Eduardo Vega; Treasurer
3XL Security, Los Angeles, CA.  Owner and operator 1997 to present.
Duties included personal security and security for movie sets and
production.
NFL Arizona Cardinals, Phoenix, AZ.  Professional football player 1992
to 1993.  Duties included physical conditioning, football training, and
playing professional football.
Wisky A Go Go and Roxy night clubs, Hollywood, CA.  Security guard 1993
to 1997.
EDUCATION
Graduate in physical education, Memphis University, Memphis, TN 1991


Alfonso Hernandez, Sr.; Director
Hacienda del Rey restaurant, Los Angeles, CA.  Owner and manager 1965
to present.


Jose F. Garcia ;Director
Desert Professional Service, Las Vegas, Nevada.  Mortgage broker 1993
to present.  Responsibilities include bringing investors and borrowers
to work out transactions, drawing mortgages, and supervising loan
officers.

Mobil Oil Corporation convenience store and service station, Phoenix,
Arizona.  Owner and manager 1992 to present.  Duties include monitoring
and maintaining inventory. Organizing and evaluating garage procedures,
maintaining efficient work flow, coordinating work schedules,
supervising mechanics, purchasing and accounting.

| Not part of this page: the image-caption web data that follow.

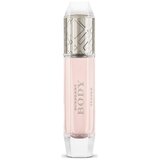 Burberry Body Tender edt 85ml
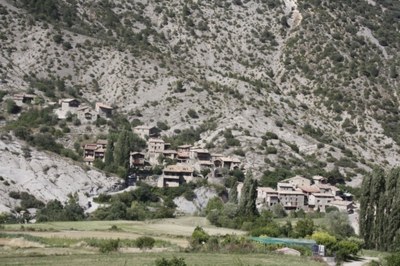 Cabó (ACN/Ferran G.Queralt)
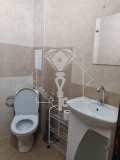 Продава 3-СТАЕН, гр. Пловдив, Център, снимка 7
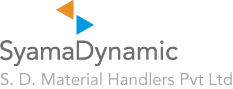 S.D. Material Handlers Pvt. Ltd.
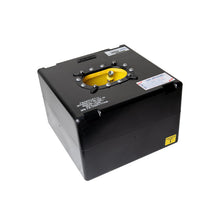 Load image into Gallery viewer, ATL Racing Fuel Cell 20L 4x6 vista dettaglio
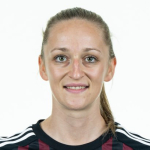 Photo of A. Mailbeck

Mobil Oil Corporation convenience store and service station, Los
Angeles, California.  Owner and manager 1985 to 1989.  Duties include
monitoring and maintaining inventory, organizing and evaluating garage
procedures, maintaining efficient work flow, coordinating work
schedules, supervising mechanics, purchasing and accounting.
Rollfreight Systems, Los Angeles, California.  Member of Board of
Directors 1984.  Company transports freight.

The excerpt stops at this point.